Pictures aside, return every line below exactly as written.

──────── DATA BELOW ────────

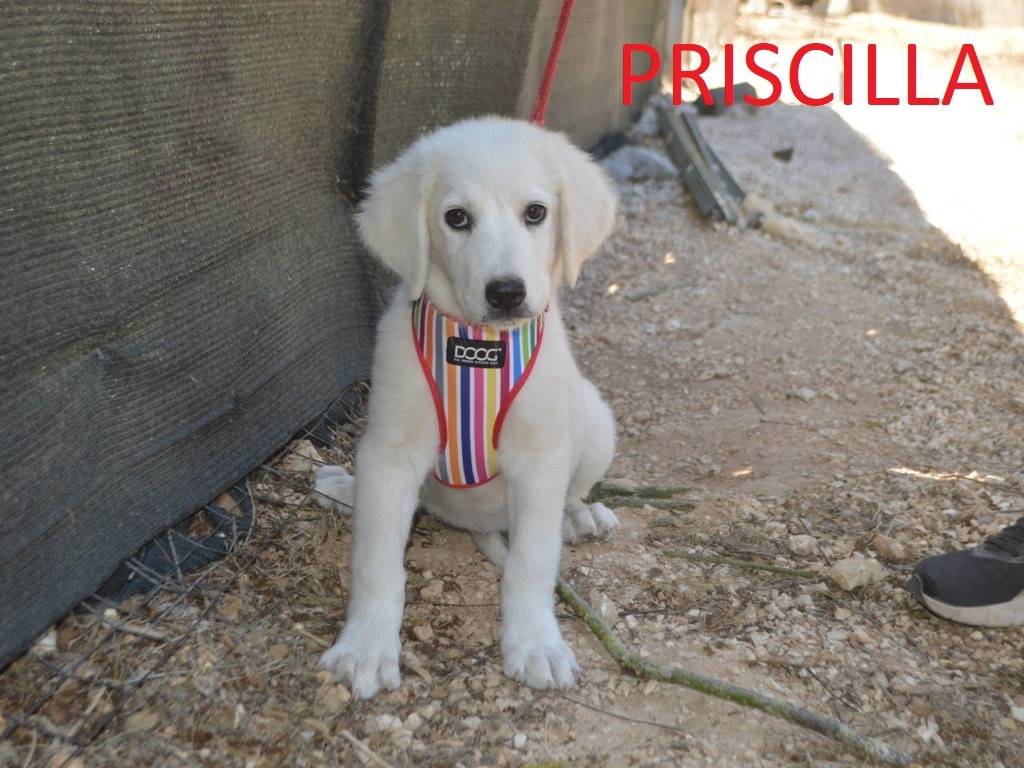 Adotta un cane, femmina, 3 mesi, Lecce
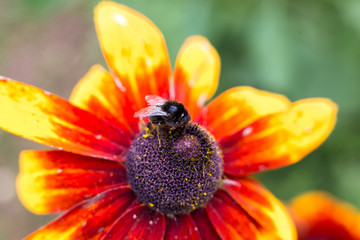 Yellow burgundy flower and bumblebee collecting nectar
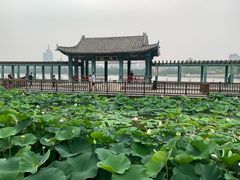 -莲花池公园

────────

ANSWER FOR THIS EXERCISE:
 Adotta un cane, femmina, 3 mesi, Lecce
 Yellow burgundy flower and bumblebee collecting nectar
 -莲花池公园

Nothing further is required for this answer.